# Stuff and Things > The Pub >  Comment thread for SMDT vs TRAT debate TONIGHT

## Trinnity

This thread is for commentary on the debate SMDT and TRAT are having.
*Do NOT post on their debate thread, but here instead.*

You may post questions you'd like me to ask.

----------


## Trinnity

The topic is federalism VS States rights - in the War on Drugs.

*Specifically, states rights to legalize drugs vs federal rights to trump states  legalization of drugs and continue to prohibit them being legal.* 

SMDT will take the fed position to have dominance over the States to keep them illegal, and TRAT will argue for the states right to be allowed to decide. 

*The debate will begin with an opening statement from each debater.
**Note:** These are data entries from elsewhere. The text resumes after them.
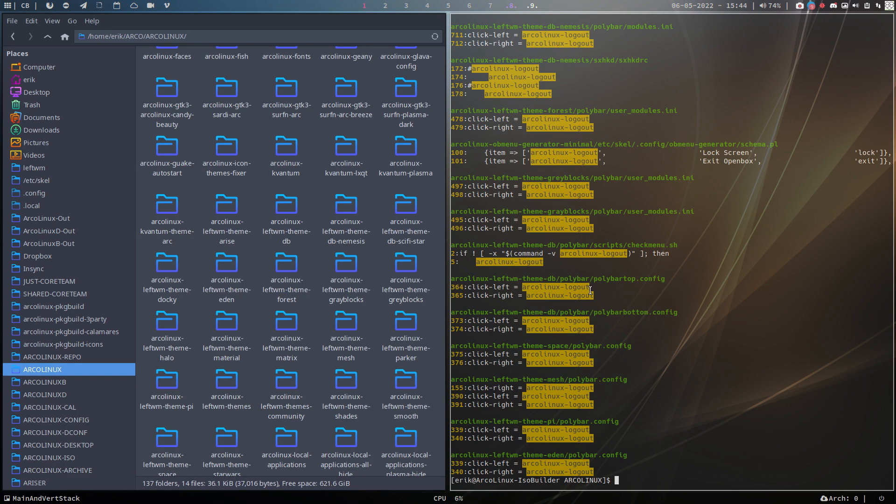We're making an Arch Linux tweak tool for anything based on Arch, focusing first on ArcoLinux. Of course, Kali, ALCI, Ariser, Garuda, Endeavor - these are the distros where it should work. That's the focus for the moment. This one will come shortly in a few hours.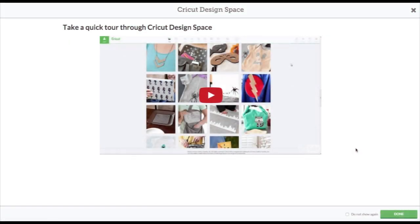Hi everyone, it's Melody Lane here and I'm really excited to be able to show you the new Design Space. This works on the Cricut Explorer or the Cricut Explorer Air, the new Cricut Explorer.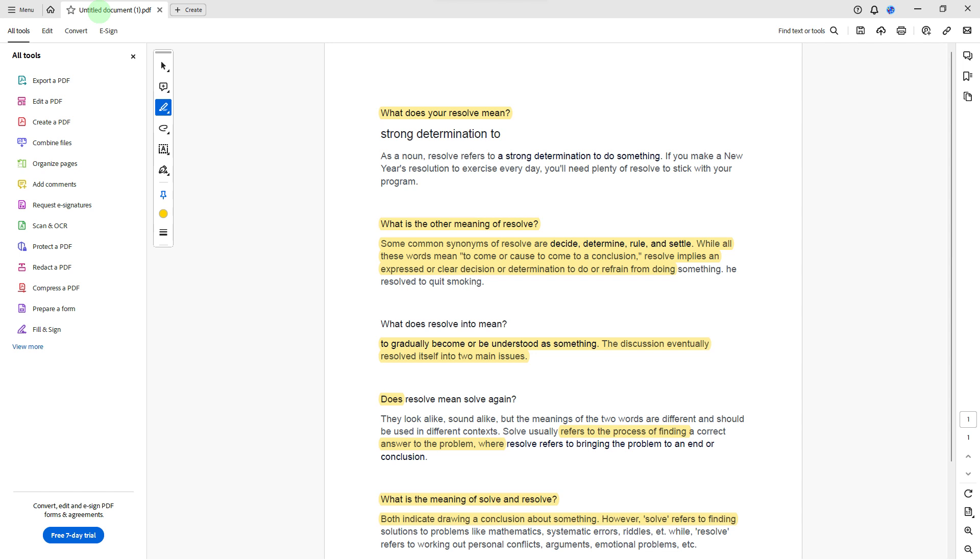Hi, welcome back to another quick guide. Today I'll teach you how to remove all highlights in PDF at once. It's literally an easy process, so make sure to watch until the end of the video to know how it's done.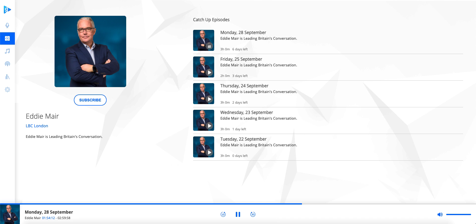Ever since the tragedy at Grenfell Tower more than three years ago, we know that the housing industry has been rocked by other fire safety concerns raised about buildings right across the country, and it's now thought that up to 700,000 people, that's roughly the population of Sheffield, are living in homes with unsafe cladding.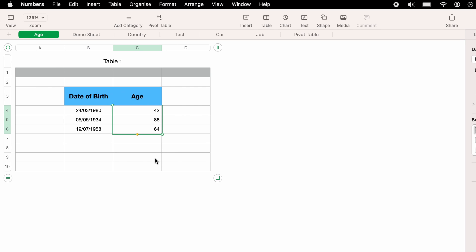That's how to calculate someone's age using their date of birth within Apple Numbers. I hope you found that video helpful. And if you did, check out this playlist here, where we have many other Apple Numbers spreadsheet demonstrations. And thanks for watching.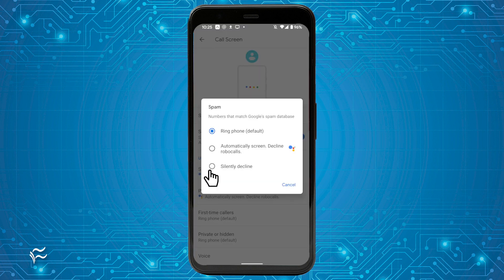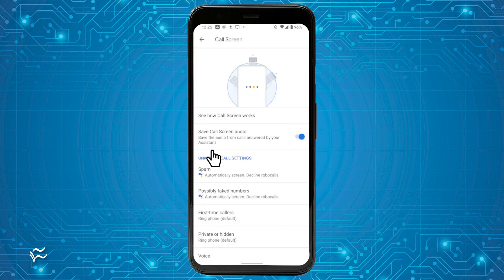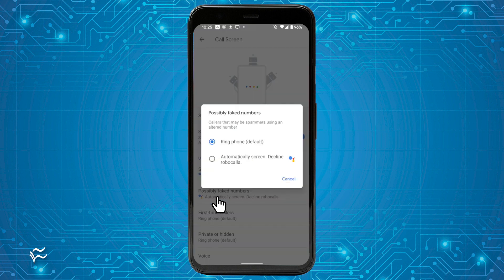From the pop-up, select Automatically Screen, Decline Robocalls. Back at the Call Screen Settings window, tap Possibly Faked Numbers and, from the pop-up, select Automatically Screen, Decline Robocalls.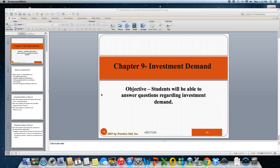Hi everyone, today we're going to be talking a little bit about investment demand. The focus here is going to be on gross private investment and a new curve we're going to look at, the investment demand curve.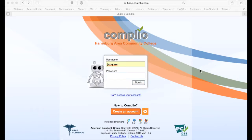Welcome to Complio. My name is Jennifer Myers and I am the Clearance and Placement Coordinator at Harrisburg Area Community College for our education program. Complio is a safe and secure database where HACC will be keeping your clearance documents and also sharing your compliance documents with the field placement assignment you receive.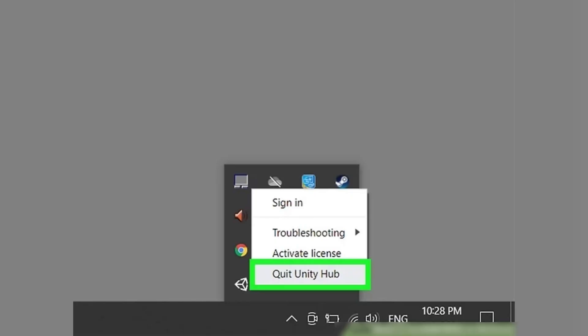Make sure to quit Unity Hub completely. Simply closing it by clicking the X won't do the trick. Instead, click on its icon in the taskbar near the system clock, usually at the bottom right corner of the screen, and then select quit Unity Hub.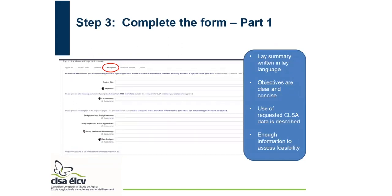For the description tab, this is where the proposal itself is written. There's a project title, keywords, lay summary, background, study objectives, study design, and data analysis. Some important points: make sure you write the lay summary in lay language, ensure the objectives are clear and concise, make sure the use of requested CLSA data is described, and that you've provided enough information to assess feasibility.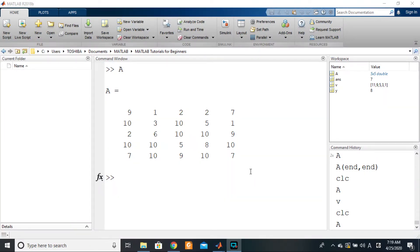Hi guys, welcome back. So far we've been seeing how to get elements from arrays — how to collect elements from arrays. Today we want to learn how to replace elements that are already in arrays.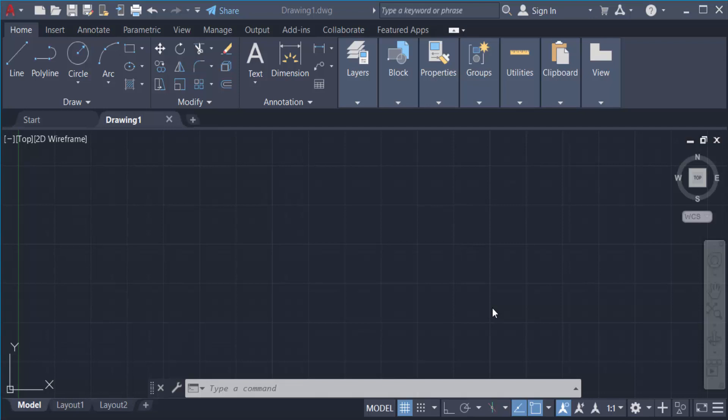Hello everyone, Assalamualaikum. This is an AutoCAD tutorial, and in this tutorial today I'll show you how to insert text in AutoCAD. Let's get started. This is AutoCAD latest version 2022, and I want to insert text.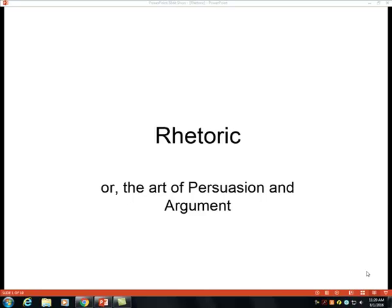Hi, and welcome to the Fundamentals of Rhetoric slideshow. In this presentation, we're going to introduce some of the fundamental concepts and principles of rhetoric.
So contestants, please have your opening statements ready.*

Other members, DO NOT POST on this thread. There will be a comment thread for everyone else. Comment thread for SMDT vs TRAT debate TONIGHT

The debate will last one hour. Any questions from me will be in red. At the end I will choose the winner based on not who I agree with, but who I think debated the best. I'm not gonna score, but go with my gut. The winner will get 10 reps, equaling 100 points. 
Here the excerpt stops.